The universal success of Tolstoi’s writings is undoubtedly due in part to his high literary gifts. But that part is not the greatest; for, as we have seen in the beginning of this chapter, it was not his artistically most important creations, the works of his best years, but his later mystical works, which have won for him his body of believers. This effect is to be explained, not on æsthetical, but on pathological grounds. Tolstoi would have remained unnoticed, like any Knudsen of the seventeenth century, if his extravagances as a degenerate mystic had not found his contemporaries prepared for their reception. The widespread hysteria from exhaustion was the requisite soil in which alone Tolstoism could flourish.
That the rise and expansion of Tolstoism is to be traced, not to the intrinsic merit of Tolstoi’s writings, but to the mental condition of his readers, is made clear in the most significant manner by the difference in those parts of his system which have made an impression in various countries. In every nation just such tones awakened an echo as were attuned with its own nervous system.
In England it was Tolstoi’s sexual morality that excited the greatest interest, for in that country economic reasons condemn a formidable number of girls, particularly of the educated classes, to forego marriage; and, from a theory which honoured chastity as the highest dignity and noblest human destiny, and branded marriage with gloomy wrath as abominable depravity, these poor creatures would naturally derive rich consolation for their lonely, empty lives, and their cruel exclusion from the possibility of fulfilling their natural calling. The Kreutzer Sonata has, therefore, become the book of devotion of all the spinsters of England.
In France Tolstoism is particularly valued for the way in which it casts out science, deposes the intellect from all offices and dignities, preaches the return to implicit faith, and praises the poor in spirit as alone happy. This is water to the mill of neo-Catholics, and those mystics, from political motives, or from degeneration, who erect a cathedral to pious symbolism, raise up also a high altar to Tolstoi in their church.
In Germany, on the whole, but little enthusiasm is evinced for the abstinence-morality of the Kreutzer Sonata, and the intellectual reaction of My Confession, My Religion, and Fruits of Enlightenment. On the other hand, his followers in that country exalt Tolstoi’s vague socialism and his morbid fraternal love into their dogma. All the muddle-headed among our people who, not from sober scientific conviction, but from hysterical emotionalism, feel a leaning towards a sickly, impotent socialism, which tends principally towards ministering cheap broth to proletarians, and towards revelling in sentimental romances and melodramas from the pretended life of the city worker, naturally discovered in Tolstoi’s ‘give-me-something-communism,’ with its scorn for all economic and moral laws, the expression of their—very platonic!—love for the disinherited. And in the circles in which Herr von Egidy’s watery rationalism (at least a hundred years behind time) could rise into notoriety, and in which his first writing could call forth nearly a hundred replies, assents, and explanations, Tolstoi’s Short Exposition of the Gospel, with its denial of the divine nature of Christ, and of existence after death, with its effusions of a superabundance of feelings of aimless love, its incomprehensible personal sanctification and rhetoric morality, and especially with its astounding misinterpretation of the clearest passages from Scripture, must indeed have been an event. All the adherents of Herr von Egidy are predestined followers of Tolstoi, and all Tolstoi’s admirers perpetrate an inconsistency if they do not enter into the new Salvation Army of Herr von Egidy.

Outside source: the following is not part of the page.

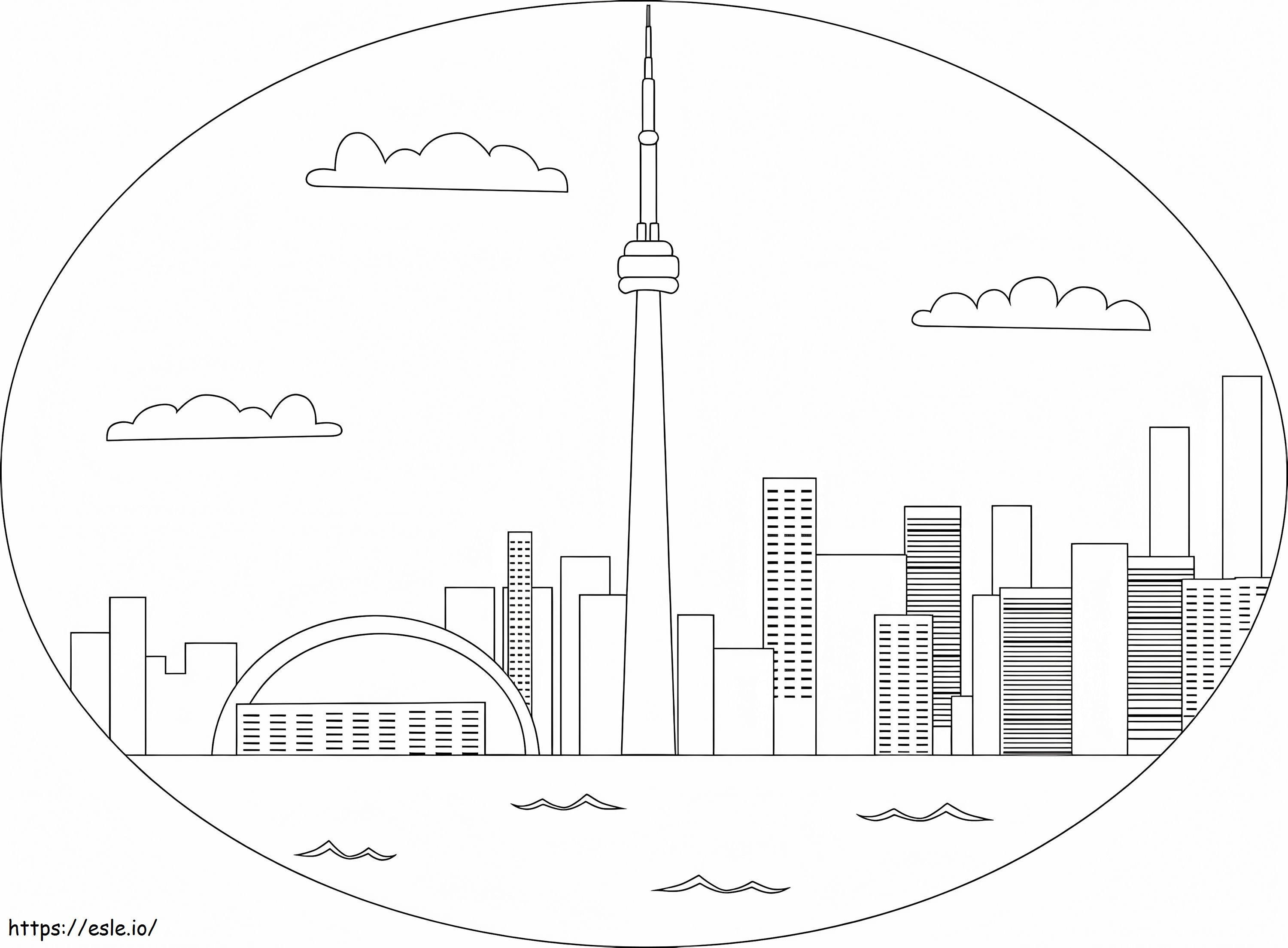CN Tower coloring page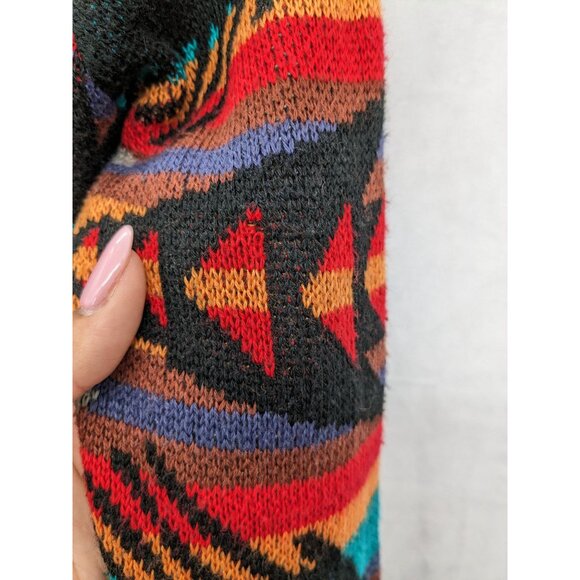 UNIF Knit Cardigan Women Size XS Aztec Pattern Open Front Boho Grunge Y2K Indie - Picture 4 of 10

By the special timbre of the echo which Tolstoism calls forth in different countries, he has become an instrument which is better fitted than any other tendency of degeneration in contemporary literature for the determination, measurement, and comparison, in kind and degree, of degeneration and hysteria among those civilized nations in which the phenomenon of the Dusk of the Nations has been observed.
[CHAPTER V.]
THE RICHARD WAGNER CULT.
WE have seen in a previous chapter that the whole mystic movement of the period has its roots in romanticism, and hence originally emanates from Germany. In England German romanticism was metamorphosed into pre-Raphaelitism, in France the latter engendered, with the last remains of its procreative strength, the abortions of symbolism and neo-Catholicism, and these Siamese twins contracted with Tolstoism a mountebank marriage such as might take place between the cripple of a fair and the wonder of a show-booth. While the descendants of the emigrant (who on his departure from his German home already carried in him all the germs of subsequent tumefactions and disfigurements), so changed as to be almost unrecognisable, grew up in different countries, and set about returning to their native land to attempt the renewal of family ties with their home-staying connections, Germany gave birth to a new prodigy, who was in truth only reared with great trouble to manhood, and for long years received but little notice or appreciation, but who finally obtained an incomparably mightier attractive force over the great fools’ fair of the present time than all his fellow-competitors. This prodigy is ‘Wagnerism.’ It is the German contribution to modern mysticism, and far outweighs all that the other nations combined have supplied to that movement. For Germany is powerful in everything, in evil as in good, and the magnitude of its elementary force manifests itself in a crushing manner in its degenerate, as well as in its ennobling, efforts.